A proposta de reconhecer o acesso à água como um direito universal básico poderia distanciar as nações ricas das pobres na Organização das Nações Unidas (ONU). A principal oposição parte das nações ocidentais, disse Maude Barlow, activista e fundadora da Blue Planet Project, com sede no Canadá. “O Canadá é o pior. Mas Austrália, Estados Unidos e Grã-Bretanha também entorpecem o processo”, afirmou. “Resisto a ver isto como uma questão Norte-Sul, mas começa a parecer muito que é”, acrescentou à IPS. Se a Assembleia Geral, de 192 membros, adoptar a resolução, “será uma das coisas mais importantes já feitas pela ONU desde a Declaração Universal dos Direitos Humanos”, afirmou Maude.
O rascunho de duas páginas, promovido pela Bolívia, reconhece “o direito humano à água e ao saneamento”. A versão final será apresentada ao presidente da Assembleia Geral, o líbio Ali Abdussalam Treki, no final deste mês, se superar os obstáculos políticos. “É algo muito importante para as nações em desenvolvimento”, disse à IPS um diplomata que não quis identificar-se. É verdade que não há sustento legal para declarar o acesso a água e saneamento como um direito universal básico, ressaltou. “É preciso aperfeiçoar as questões de definição e alcance, mas já há um processo em Genebra para trabalhar a respeito na Assembleia Geral, acrescentou. “São assuntos importantes e devemos obter um consenso para esta resolução. Do contrário será jogado por terra a importância do acordo a que chegamos”, advertiu.
Quase dois mil milhões de pessoas vivem em áreas com escassez e três mil milhões não têm água corrente no raio de um quilómetro de suas casas, destacou Maude. Quando foi redigida a Declaração Universal dos Direitos Humanos, em 1948, ninguém podia prever que chegaria o dia em que o acesso à água seria um problema, diz uma carta enviada por Maude aos representantes dos 192 membros da ONU. “Em 2010 não é exagerado dizer que a dificuldade de acesso a água potável é uma das piores violações dos direitos humanos”, acrescentou a activista, que foi assessora do ex-presidente da Assembleia Geral no período 2008/09, o nicaraguense Miguel d’Escoto.

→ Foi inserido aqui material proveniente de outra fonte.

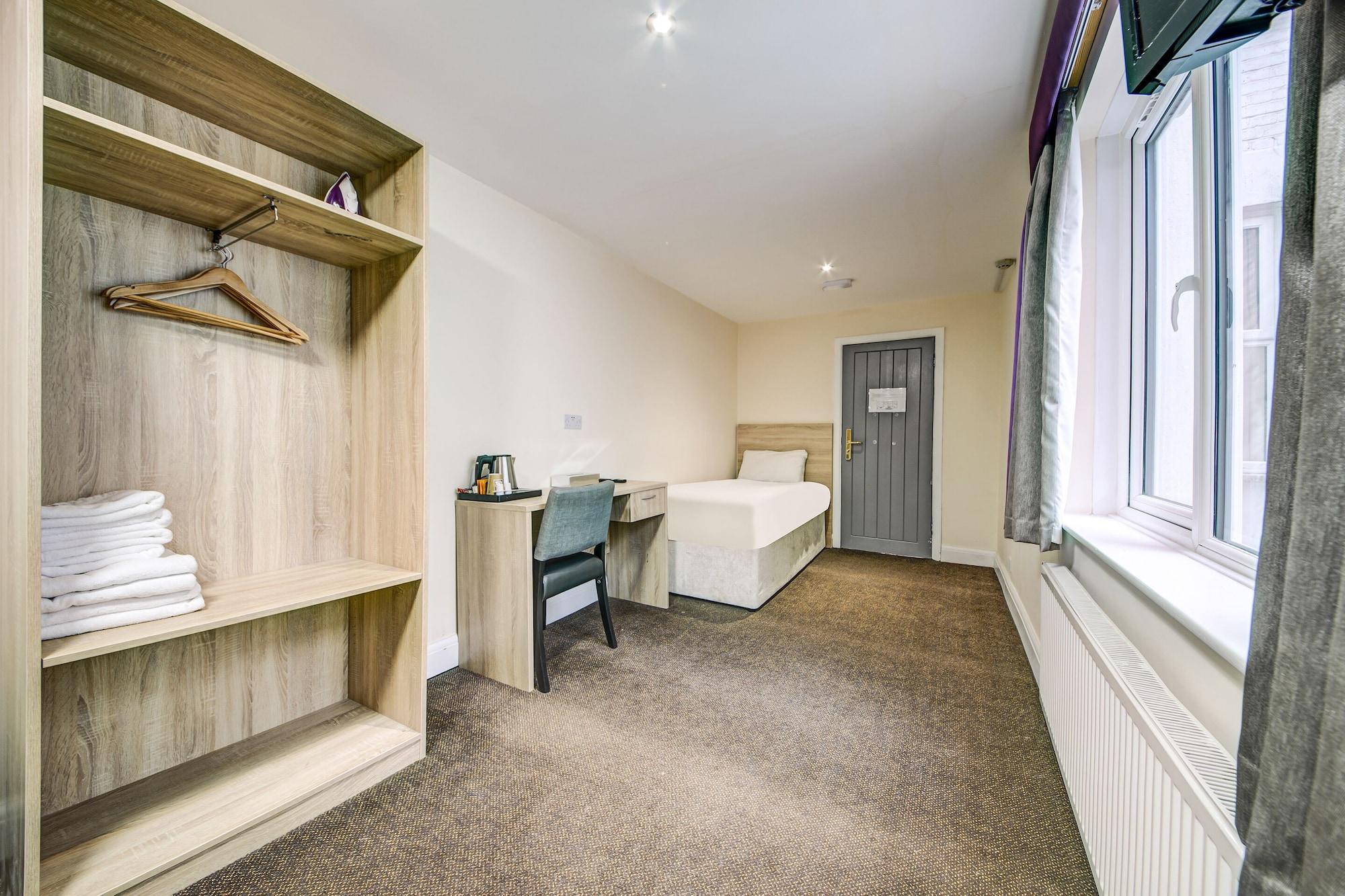 Hotel Oyo 24 Sussex, London Paddington Exteriér fotografie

O Canadá travou os passos mais básicos para um reconhecimento internacional do acesso a água como direito universal e trabalhou nos bastidores para desbaratar as iniciativas com vistas à criação de um instrumento vinculante, afirmou Maude. Os funcionários canadianos não explicam a sua posição, dizendo apenas que uma convenção desse tipo obrigaria o país a compartilhar o seu recurso com os Estados Unidos. Mas é apenas uma desculpa e o governo de Stephen Harper sabe disso, acrescentou. Uma explicação melhor é que uma convenção da ONU actuaria como contrapeso de quem pretende vender a água com fins lucrativos, ressaltou.

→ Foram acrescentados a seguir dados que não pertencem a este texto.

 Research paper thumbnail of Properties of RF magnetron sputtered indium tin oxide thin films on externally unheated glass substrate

Por sua vez, Ann-Mari Karlsson, do Instituto Internacional da Água de Estocolmo (SIWI) disse que a organização concorda “com a posição de especialistas independentes da ONU sobre o direito a água e saneamento serem parte de um padrão de vida adequado, direito já protegido no artigo 11 do Pacto Internacional de Direitos Económicos, Sociais e Culturais”.
É importante que a resolução das Nações Unidas o deixe bem claro, ressaltou Ann-Mari, “o que não está a fazer”, acrescentou. Além disso, neste contexto, não se pode subestimar a importância do saneamento. O acesso a água e a disponibilidade do saneamento estão estreitamente vinculados, disse. Contudo, no contexto dos Objetivos de Desenvolvimento do Milénio, se está mais longe de alcançar o primeiro do que o segundo, acrescentou. “Isso deveria reflectir-se na resolução”, acrescentou.
“Organizações locais e internacionais que lutam por justiça no acesso a água reclamam que as lideranças da ONU claramente reconheçam que se trata de um direito humano, como o saneamento”, disse, por sua vez, Anil Naidoo, também da Blue Planet Project. Anil trabalhou com a China e os 130 integrantes do Grupo dos 77 países em desenvolvimento para promover o rascunho da resolução. “Na medida em que se avança, reclamamos que o texto da resolução seja contundente e não deixe dúvidas a respeito de que a água e o saneamento são direitos humanos”, acrescentou.
“Não estamos contra a privatização como princípio. Nossa principal preocupação é que o Estado assuma a sua responsabilidade de regular e supervisionar as actividades do sector privado para que todos tenham água potável e corrente e saneamento”, afirmou Ann-Mari à IPS. Não é relevante se o serviço é fornecido por uma empresa pública ou privada, mas que a água e o saneamento sejam considerados direitos humanos, insistiu.